One final word before we conclude. Type-based logic forces us to use constructive logic rather than classical logic – which involves such strange contortions as denying the law of the excluded middle. Why would we want to do this?

Well, there are a few reasons. First, as I mentioned earlier, constructive logic isn’t actually that strange, as long as you think about it on its own terms. In classical logic, the law of the excluded middle is “For any statement P, either P is true or P is false”, which sounds obvious. But in constructive logic, it would be better to phrase the Law as “For any statement P, either I possess a proof of P or I possess a disproof of P”, which is obviously wrong – I’m not omniscient, and even if I was, we know that there are statements which are neither provable nor disprovable!2

But why would we want to talk about provability instead of truth? There are a couple reasons, most of them falling under the same theme: truth is useless for computation and proofs are not. Constructivism is a stricter standard than classical logic; a constructive proof contains much more information that can be analyzed while a non-constructive classical proof might leave you scratching your head as to what the proof can be used for. In computer science we’re particular fans of constructive logic, because an implementation of some specification amounts to a constructive proof that “there exists a program satisfying that specification”. Generally, if you have a constructive proof of something, that corresponds pretty well to our idea of what a “usable implementation” is, but if you have a proof that is classically valid but not constructively valid, that proof doesn’t tell you anything about how to get a “usable implementation.” So constructive proofs are a step closer to the practical, everyday notion of “can we do this” than classical proofs are.
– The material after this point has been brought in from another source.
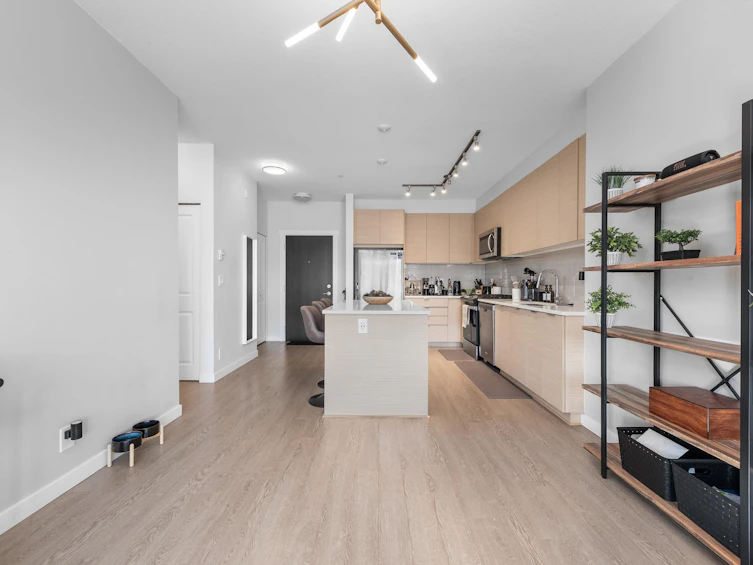B303-8150 207 Street, Langley, BC, V2Y 4J3 - 7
It’s also worth noting that constructive logic is a better model for how knowledge works. A proposition might be true or not, but we never know that it’s true unless we have a proof. The law of the excluded middle makes sense from the point of view of an outside observer, overseeing the platonic Realm of Mathematics… but from the inside, where we can’t see the crystalline truth, it is a lot less useful to be told that a particular statement is “either true or false.”

1. Hoare, C. A. R., 1985. Communicating Sequential Processes. Prentice-Hall International. ISBN 0-13-153271-5 (via Wikipedia)

2. Famous examples of this include the Axiom of Choice (if you don’t assume it) and the Continuum Hypothesis. Also, Goedel’s famous result gives a procedure for constructing such a statement for any sufficiently powerful proof system.